I was talking to someone yesterday about how, if media literacy was taught in schools, we would have a far better chance of the electorate making informed decisions, which might be why media literacy isn’t taught in schools
Choosing the day before they go to the polls to tell the grateful British electorate that he will never give them their hearts desire, knowing they will vote for him anyway because they have been reduced to desperation, is a clear sign of how Starmer will govern.
I was thinking (hoping?) his "not in my lifetime" was a nod to Thatcher's equally disingenuous take on the possibility of a woman being Prime Minister.
Isn't that more to do with the EU telling Britain that if they rescinded their "special member" status they'd have to apply for full membership through the proper channels if they wanted to return, rather than any choice by the UK government though..?
I am almost grateful for having that compare and contrast question so often now that we are in a world where you're only permitted to do one or the other.
Yeah, I'm half convinced Goves 'teach kids grammar terms' focus is as much about kicking out any love of going and looking at stuff yourself and leaning like that as anything else.
The idea of tackling misinformation was neutered entirely by the media and politicians insisting that anything that criticised their actions must definitionally qualify as a product of misinformation 😭
Especially when the government created the Behavioural Insights Team (the "Nudge Unit") in 2010, only to then sell it off to friends of their they went to college with a decade later.
Not only that, it’s why efforts are made to suppress things like media studies by deriding them as “not proper subjects” or, as we’re starting to see now, actually defunding them.
I'm more inclined to believe that this is 'accurate', but not 'correct'.
I have studied media literacy though, so take subtle uses of language more to heart. 😄
I'm writing my master's thesis on the seperation of ethics and rhetoric in higher education and its possible contribution to modern discourse.
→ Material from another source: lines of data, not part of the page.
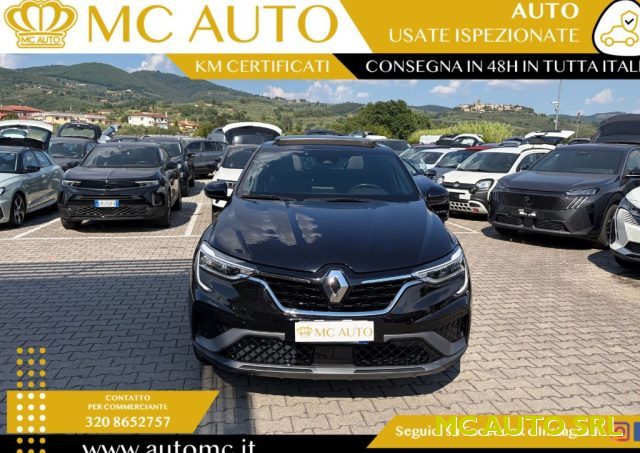 Renault Arkana Arkana Hybrid E-Tech 145 CV R.S.Line Fast Track - foto 2 di 4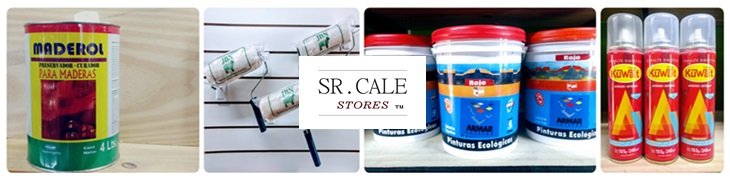 Productos de Pintureria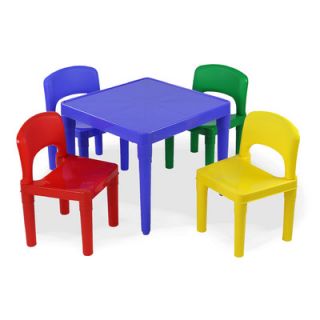 Kids Table & Chair Sets   Brand Playscapes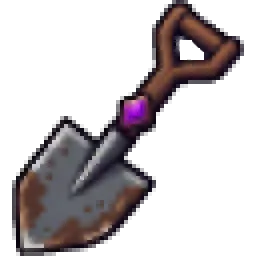 Treasure Hunter's Spade — Soul Strip Relics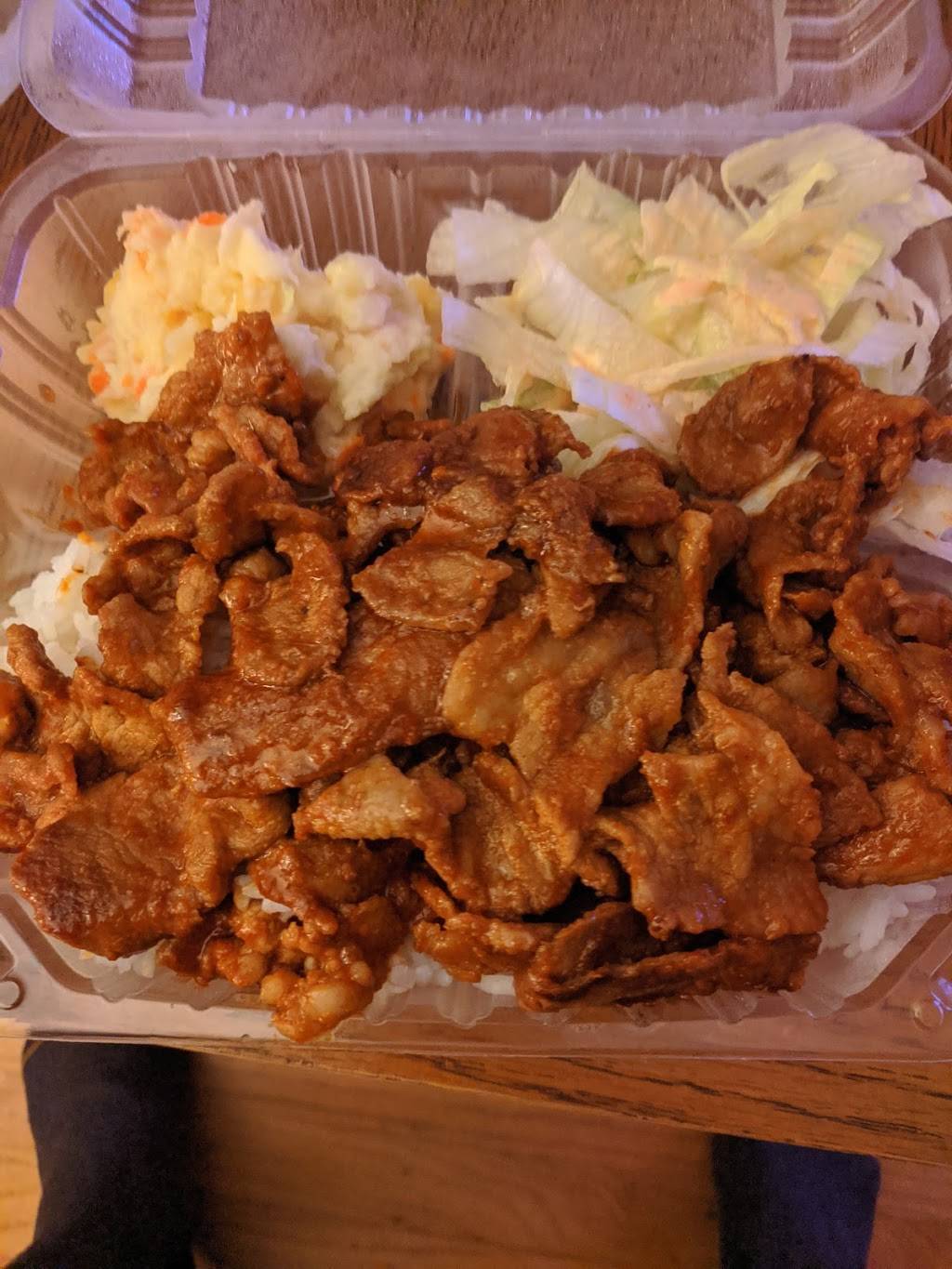 BBQ Kalbi Food Truck | restaurant | 3305 El Camino Real, Santa Clara, CA 95051, USA | 6503368226 OR +1 650-336-8226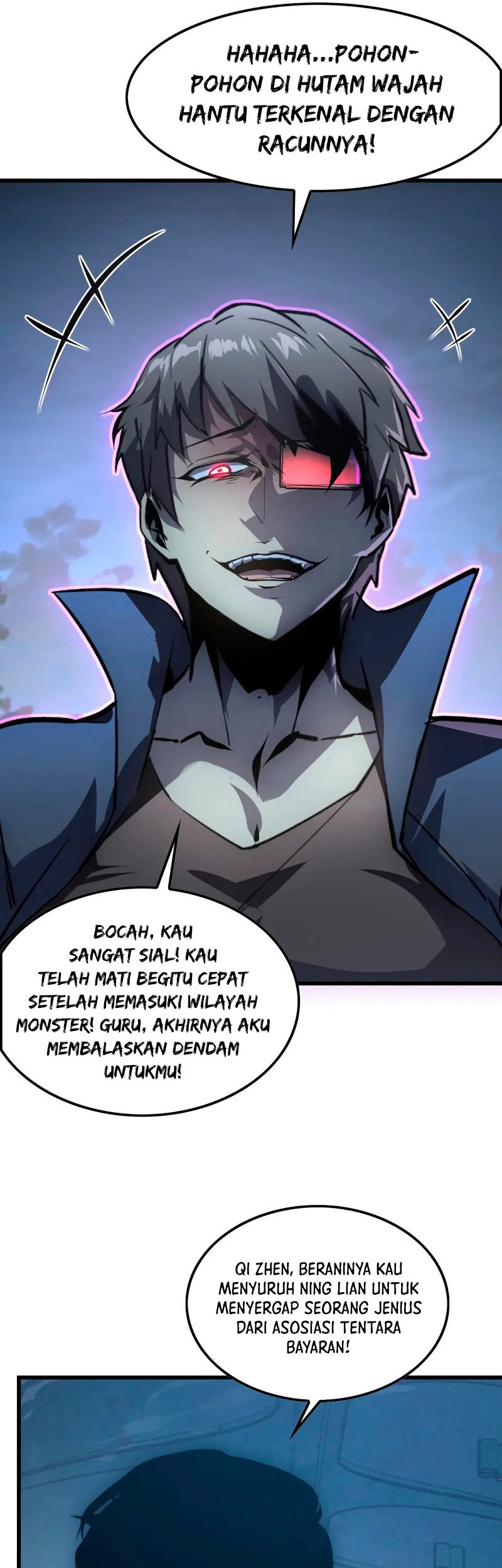 Rise From The Rubble Chapter 143 Gambar 37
This is relatable.
Oh "a new age of hope" is it Sir Keir?
Will this bad thing get better?
- No.
Will this scrapped thing be fixed/reinstated?
- No.
Will this underfunded vital service get cash?
- No.
Will everyone be able to pee in peace
- Of course... not.
I mean, the EU thing is just such an own goal. Only the Brexit headbangers don’t want much closer ties with the EU. Announcing a move to SM/CU would be a major positive step.
Personally, if I was Labour, I’d have been noisily saying, since 2016, that the Brexit vote was going to mess up Britain and then at least it’d have credibility when Brexit was the disaster it was always going to be
In my constituency, its snp vs liberals. Two parties who are not ashamed of being proudly pro-Europe. I feel quite lucky I don't have to hold my nose and vote for starmer, even thought things might marginally improve.
Idk, it is just a "see, I always pick the winner" in a two horse race where you've watched your initial pick going around the track without a rider for the last ten minutes and think it's probably time to bet on the other horse.
Well, I have seen first hand the recoil political parties can take when they make promises that they can't (or won't) keep.
Dude's party by all accounts is heading for a landslide victory already.